▶ Exercise details: All records are to be printed again exactly as they appear.

▶ Supplied records:

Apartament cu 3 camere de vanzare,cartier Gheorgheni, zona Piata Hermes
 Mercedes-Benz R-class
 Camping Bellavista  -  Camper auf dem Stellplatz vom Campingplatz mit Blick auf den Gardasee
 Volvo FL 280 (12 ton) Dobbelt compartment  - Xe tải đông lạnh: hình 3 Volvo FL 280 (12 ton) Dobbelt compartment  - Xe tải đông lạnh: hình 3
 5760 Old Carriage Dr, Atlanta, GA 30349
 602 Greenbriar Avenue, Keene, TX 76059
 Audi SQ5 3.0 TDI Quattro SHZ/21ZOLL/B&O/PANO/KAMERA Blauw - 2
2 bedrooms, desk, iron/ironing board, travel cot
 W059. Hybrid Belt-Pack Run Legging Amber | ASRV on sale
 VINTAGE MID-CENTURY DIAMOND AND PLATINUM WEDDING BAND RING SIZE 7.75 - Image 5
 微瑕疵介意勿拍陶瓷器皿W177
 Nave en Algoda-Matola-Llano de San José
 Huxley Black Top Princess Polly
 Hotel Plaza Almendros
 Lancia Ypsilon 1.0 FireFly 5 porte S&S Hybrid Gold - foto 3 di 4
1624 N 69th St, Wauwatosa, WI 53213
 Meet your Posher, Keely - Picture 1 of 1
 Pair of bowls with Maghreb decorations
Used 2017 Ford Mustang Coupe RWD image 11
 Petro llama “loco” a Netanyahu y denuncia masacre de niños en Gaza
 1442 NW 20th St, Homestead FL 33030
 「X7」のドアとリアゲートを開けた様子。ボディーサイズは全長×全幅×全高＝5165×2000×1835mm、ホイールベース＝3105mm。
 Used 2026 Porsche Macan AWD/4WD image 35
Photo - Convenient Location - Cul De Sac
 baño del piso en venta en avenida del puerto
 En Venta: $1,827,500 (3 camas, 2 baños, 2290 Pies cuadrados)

▶ Answer to the problem:
Apartament cu 3 camere de vanzare,cartier Gheorgheni, zona Piata Hermes
 Mercedes-Benz R-class
 Camping Bellavista  -  Camper auf dem Stellplatz vom Campingplatz mit Blick auf den Gardasee
 Volvo FL 280 (12 ton) Dobbelt compartment  - Xe tải đông lạnh: hình 3 Volvo FL 280 (12 ton) Dobbelt compartment  - Xe tải đông lạnh: hình 3
 5760 Old Carriage Dr, Atlanta, GA 30349
 602 Greenbriar Avenue, Keene, TX 76059
 Audi SQ5 3.0 TDI Quattro SHZ/21ZOLL/B&O/PANO/KAMERA Blauw - 2
2 bedrooms, desk, iron/ironing board, travel cot
 W059. Hybrid Belt-Pack Run Legging Amber | ASRV on sale
 VINTAGE MID-CENTURY DIAMOND AND PLATINUM WEDDING BAND RING SIZE 7.75 - Image 5
 微瑕疵介意勿拍陶瓷器皿W177
 Nave en Algoda-Matola-Llano de San José
 Huxley Black Top Princess Polly
 Hotel Plaza Almendros
 Lancia Ypsilon 1.0 FireFly 5 porte S&S Hybrid Gold - foto 3 di 4
1624 N 69th St, Wauwatosa, WI 53213
 Meet your Posher, Keely - Picture 1 of 1
 Pair of bowls with Maghreb decorations
Used 2017 Ford Mustang Coupe RWD image 11
 Petro llama “loco” a Netanyahu y denuncia masacre de niños en Gaza
 1442 NW 20th St, Homestead FL 33030
 「X7」のドアとリアゲートを開けた様子。ボディーサイズは全長×全幅×全高＝5165×2000×1835mm、ホイールベース＝3105mm。
 Used 2026 Porsche Macan AWD/4WD image 35
Photo - Convenient Location - Cul De Sac
 baño del piso en venta en avenida del puerto
 En Venta: $1,827,500 (3 camas, 2 baños, 2290 Pies cuadrados)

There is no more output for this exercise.